Report slams Canada’s post-9/11 security spending
OTTAWA — Canada’s national security spending skyrocketed in the post-9/11 decade and it may be time to start cutting back, said a report released Wednesday by an Ottawa-based think tank.
“The government has created a national security establishment in Canada,” Steven Staples, president of the Ottawa-based Rideau Institute, told a press conference.
“A decade after the attacks of 9/11 it’s time to re-evaluate whether we should continue the high level of national security spending.”
In total, Canada devoted an additional CAN$92 billion (US$93 billion) to keep Canadians safe, the report said.
Canada’s military expenditures have nearly doubled since 2001, when hijacked planes slammed into the twin towers of the World Trade Center in New York, the Pentagon and a field in Pennsylvania.
In the same time period Canada’s spending on security and public safety programs tripled.
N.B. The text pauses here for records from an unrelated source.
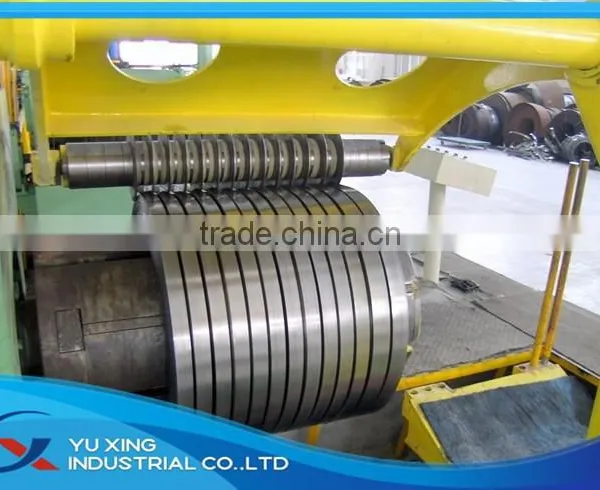 Steel Coil Slitting Machine photo-2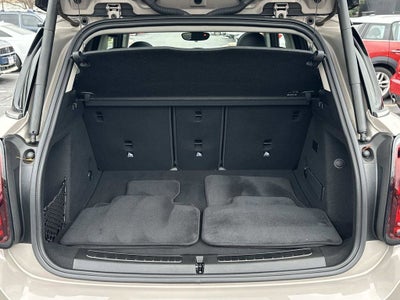 2023 MINI Countryman All4 Cooper SE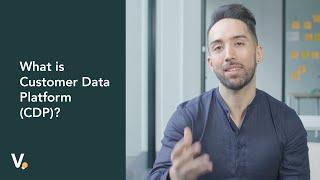 What is Customer Data Platform (CDP)?
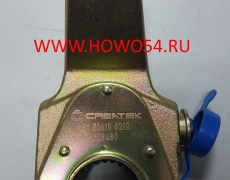 Трещетка ручная прав.зад. заднего моста MAN F3000 Креатек 26шлицов 81.50610.6210-S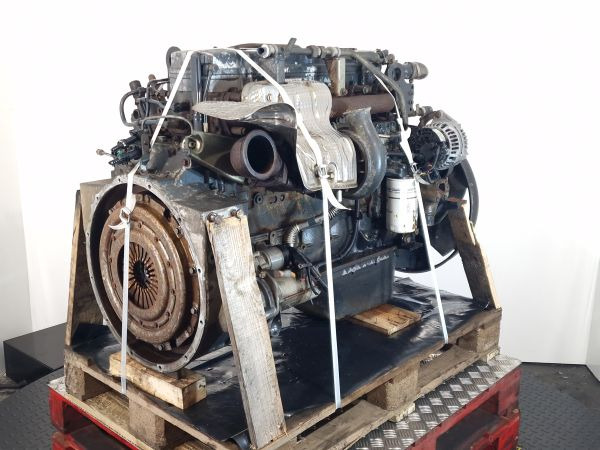Iveco Tector 6ISB Euro 5 F4AE3681B*U107 Engine (Truck) - Engine for Truck: picture 1 Iveco Tector 6ISB Euro 5 F4AE3681B*U107 Engine (Truck) - Engine for Truck: picture 1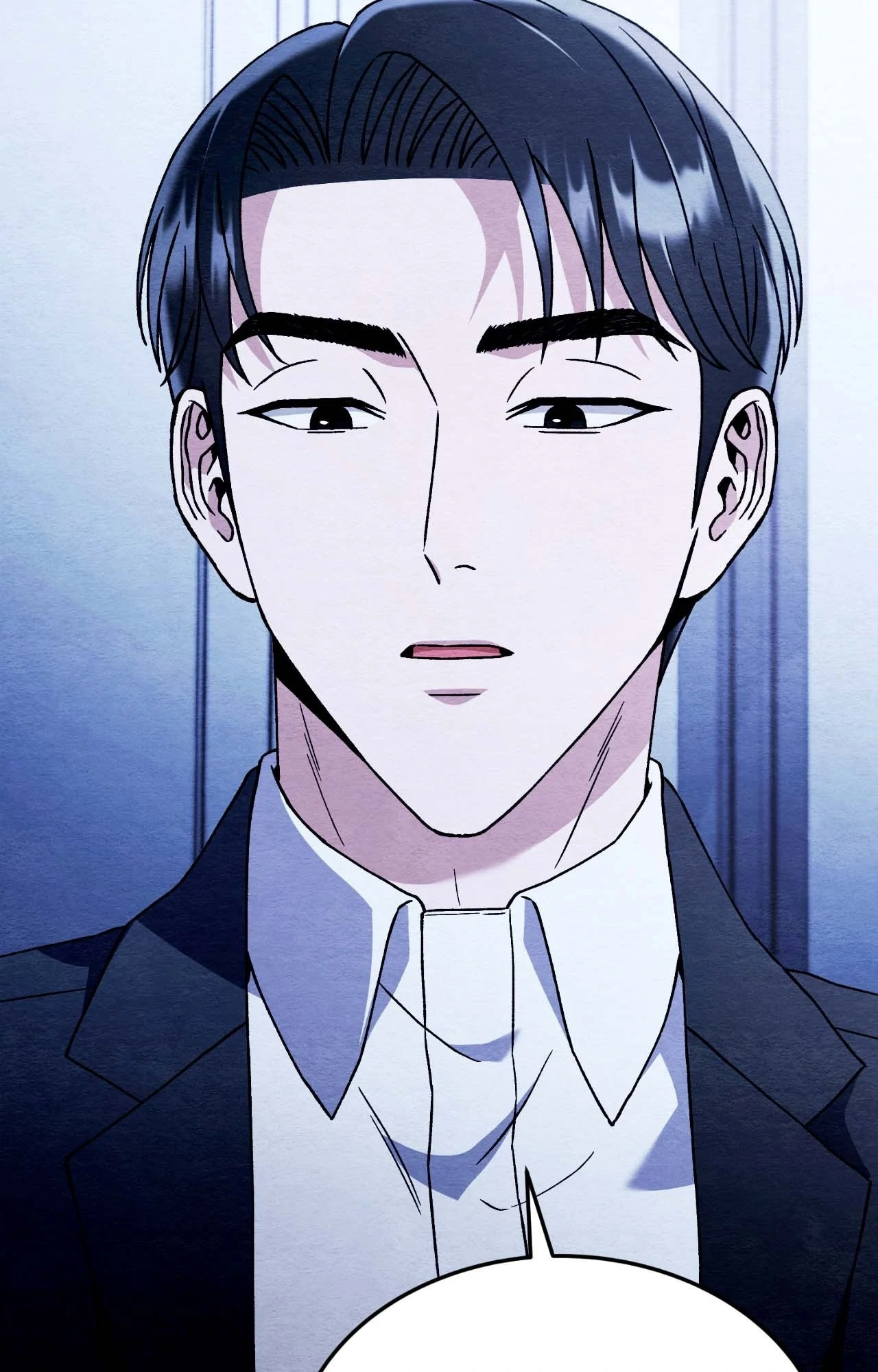 Destiny of the Damned - Chapter 61 manhwa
The report notes that a new Department of Public Safety and Emergency Preparedness was created in late 2003 mirroring a similar US agency reorganization. The same year, a new Canada Border Services Agency was created. Both moves aimed to better consolidate intelligence and security functions.
Spending by the Royal Canadian Mounted Police doubled in the last decade, and tripled at the Canadian Security Intelligence Service.
Foreign Affairs, which was dominated by trade promotion in the 1990s, took on an increased role in understanding and identifying potential foreign security threats.
There was also a renewed focus on Canada’s justice system as more resources were poured into discovering and apprehending potential terrorists and their networks.
“Canadian governments, alarmed by new US border security measures that could impact trade, politically navigated between deeper integration with US military and security priorities, and a wary Canadian public deeply distrustful of US ambitions,” the report said.
“While other countries have been much harder hit by terrorism, Canada has nonetheless committed significant resources since 9/11 to national security. While some may feel that the $92 billion spent … has been worth it, others might argue that the money could have been better spent,” it concludes.
“The real question today is whether or not we should continue this level of expenditure.”
The report did not look at whether the increased spending was appropriate, said Staples, but he commented that when you have such a rapid increase in spending, “there’s going to be waste.”
The report’s author, David Macdonald, said the increased expenditures “may have made sense” after the 9/11 terrorist attacks — but now that Al-Qaeda has largely defeated, its leader Osama bin Laden is dead, and Canada’s Afghanistan combat mission is ended, it may be time to scale it back.